__What is needed__:
In your copy, reproduce each entry exactly and include no picture.

·····

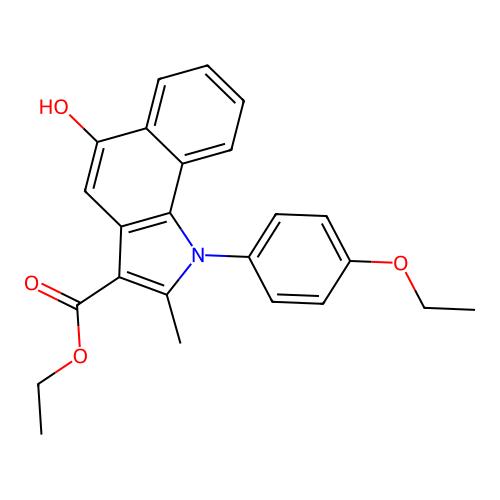 ethyl 1-(4-ethoxyphenyl)-5-hydroxy-2-methyl-1H-benzo[g]indole-3-carboxylate structure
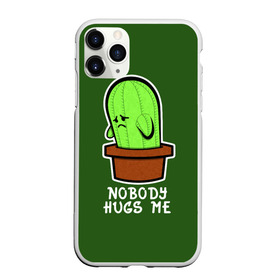 Чехол для iPhone 11 Pro матовый с принтом Nobody Hugs Me в Санкт-Петербурге, Силикон |  | Тематика изображения на принте: cactus | hugs | me | nobody | sad | горшок | горшочек | грусть | кактус | надпись | обнимашки | объятия | печаль | тоска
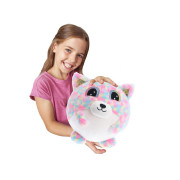 Plyšové skákací kulaté zvířátko s třpytivýma očima 30 cm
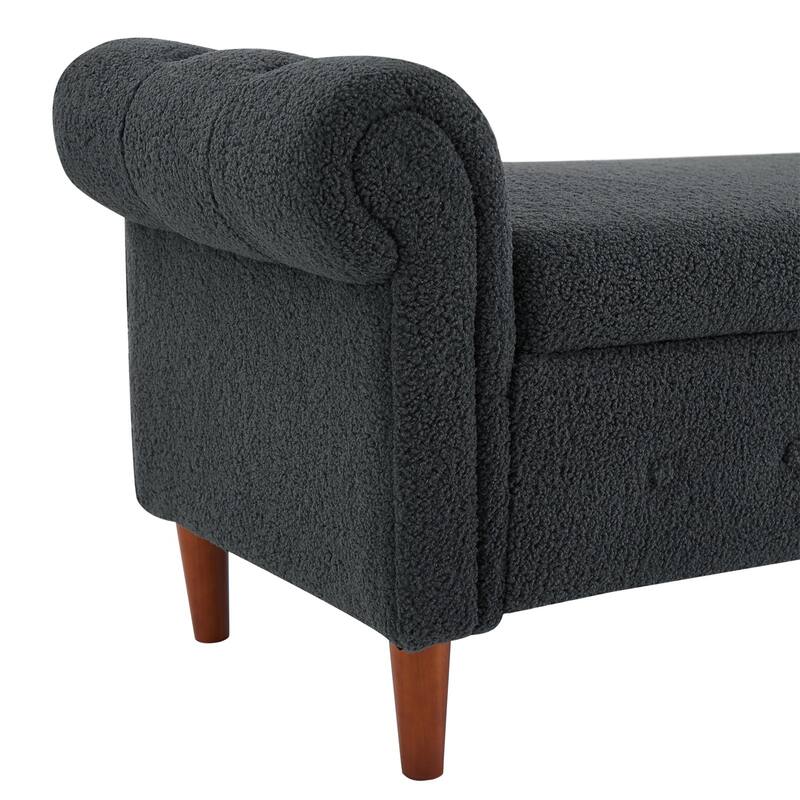 Storage Ottoman Bench with Safety Hinge, Upholstered Storage Bench with Seating for Living Room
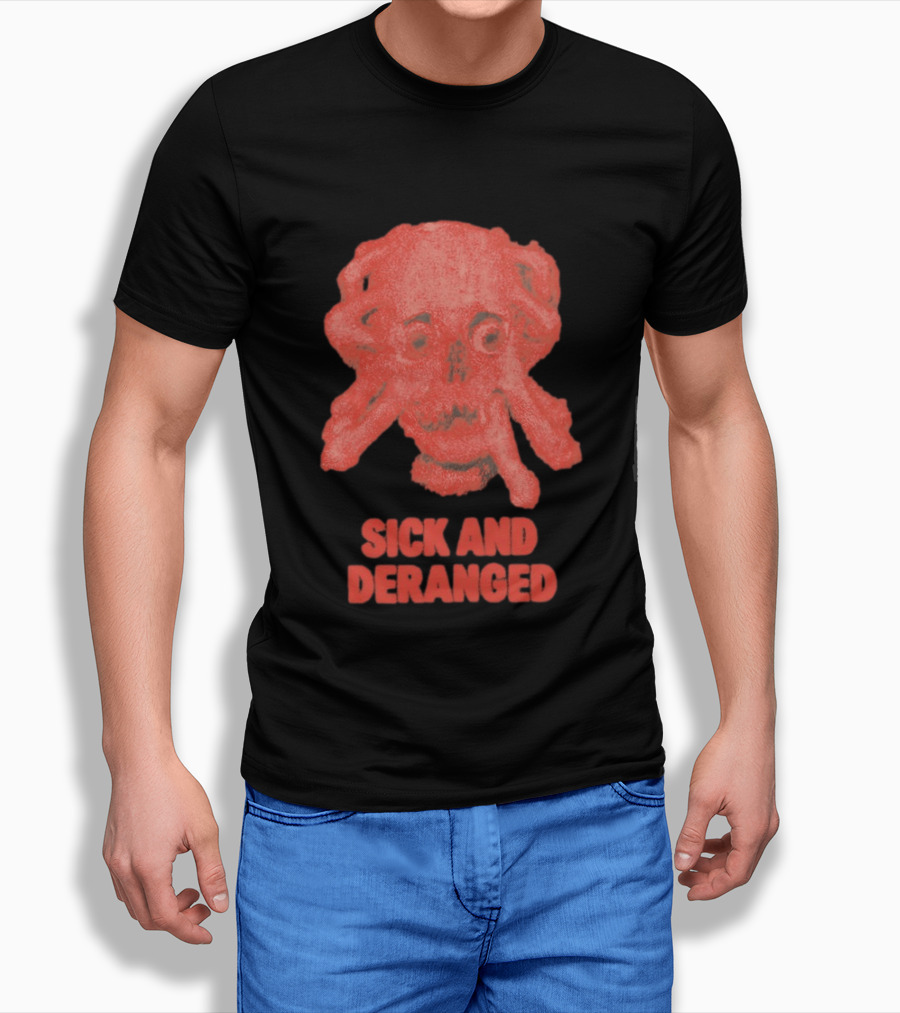Sick And Deranged Skull Gothic Edgy Horror T-Shirt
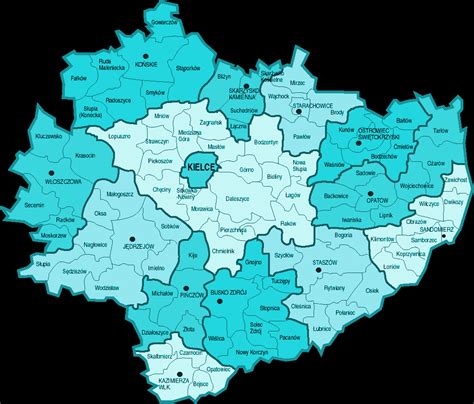 mapa województwa świętokrzyskiego z zaznaczonymi głównymi lokalizacjami dożynek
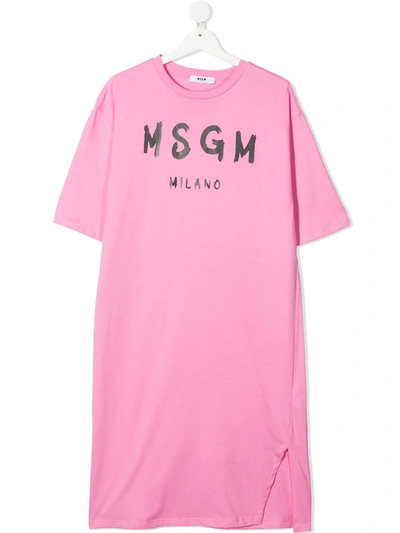 Shop Msgm Teen Logo-print T-shirt Dress In Pink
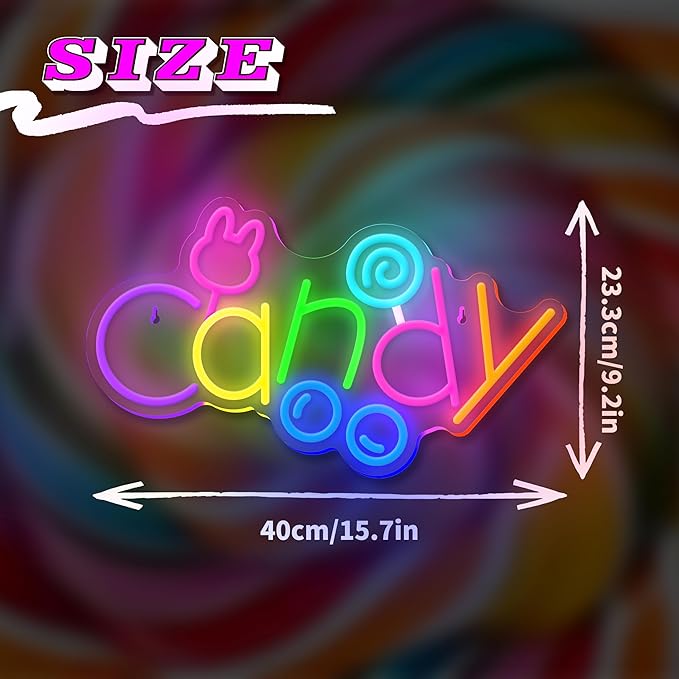 Candy Neon Sign USB Powered LED Bunny Candy Neon Signs Dimmable LED Neon Lights for Bedroom Candy Bar Shop Candy Cart Display Halloween Party Candy Land Party Art Decoration Birthday Gifts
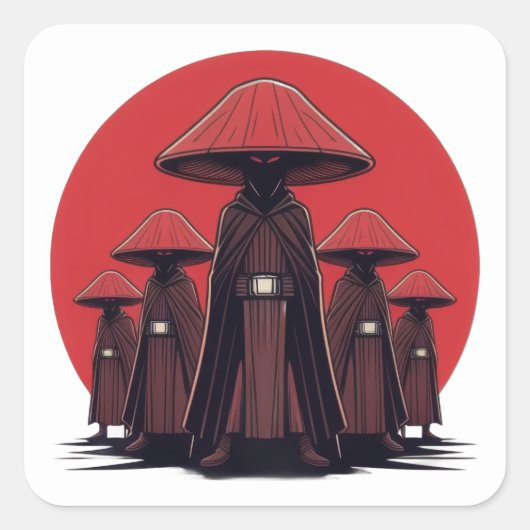 Paddestoel Nachtstalkers Vierkante Sticker (Voorkant)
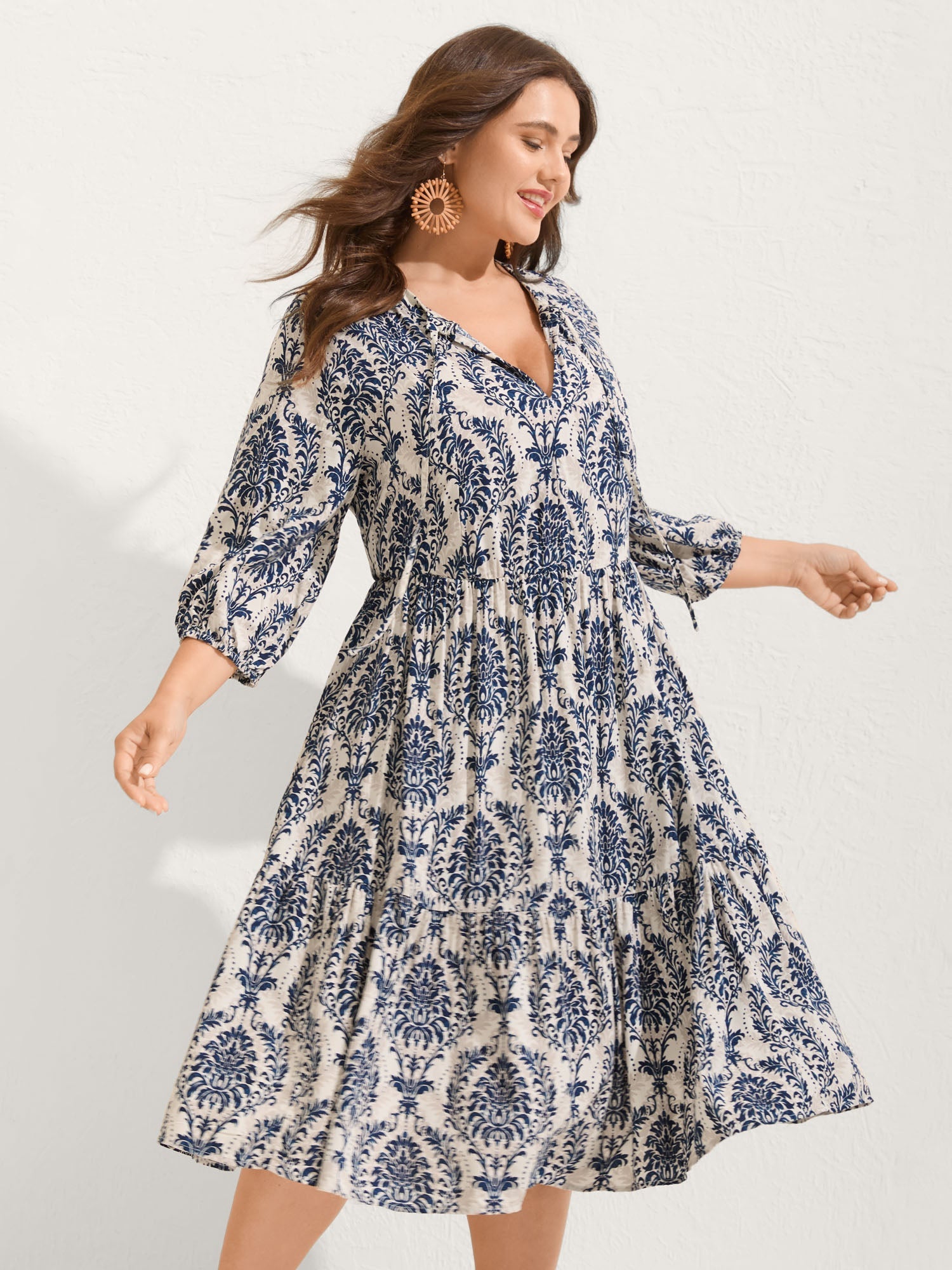 (22pcs Minimum Wholesale)Damask Print Tie Knot Puff Sleeve Dress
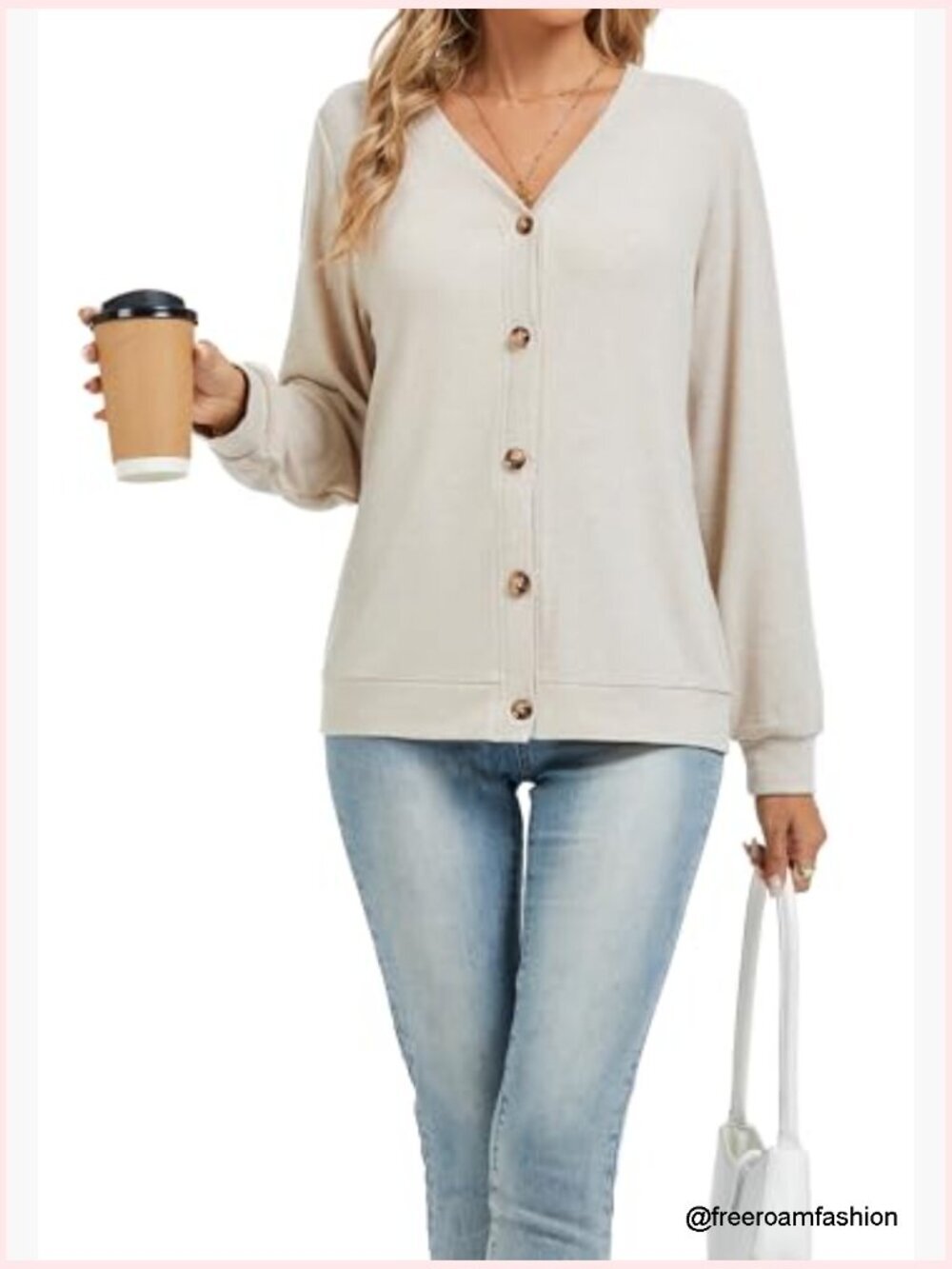 Women's Long Sleeve V-Neck Button Cardigan Cashmere Blend Lightweight - Picture 5 of 6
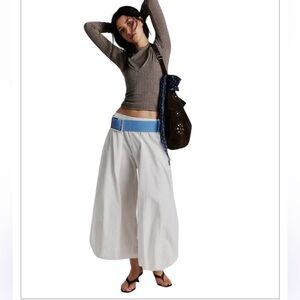 SODL Free People Women's Moonflower Balloon Pants Black Flowing Maxi Skirt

·····

__Task response__:
 ethyl 1-(4-ethoxyphenyl)-5-hydroxy-2-methyl-1H-benzo[g]indole-3-carboxylate structure
 Чехол для iPhone 11 Pro матовый с принтом Nobody Hugs Me в Санкт-Петербурге, Силикон |  | Тематика изображения на принте: cactus | hugs | me | nobody | sad | горшок | горшочек | грусть | кактус | надпись | обнимашки | объятия | печаль | тоска
 Plyšové skákací kulaté zvířátko s třpytivýma očima 30 cm
 Storage Ottoman Bench with Safety Hinge, Upholstered Storage Bench with Seating for Living Room
Sick And Deranged Skull Gothic Edgy Horror T-Shirt
 mapa województwa świętokrzyskiego z zaznaczonymi głównymi lokalizacjami dożynek
 Shop Msgm Teen Logo-print T-shirt Dress In Pink
 Candy Neon Sign USB Powered LED Bunny Candy Neon Signs Dimmable LED Neon Lights for Bedroom Candy Bar Shop Candy Cart Display Halloween Party Candy Land Party Art Decoration Birthday Gifts
 Paddestoel Nachtstalkers Vierkante Sticker (Voorkant)
 (22pcs Minimum Wholesale)Damask Print Tie Knot Puff Sleeve Dress
 Women's Long Sleeve V-Neck Button Cardigan Cashmere Blend Lightweight - Picture 5 of 6
 SODL Free People Women's Moonflower Balloon Pants Black Flowing Maxi Skirt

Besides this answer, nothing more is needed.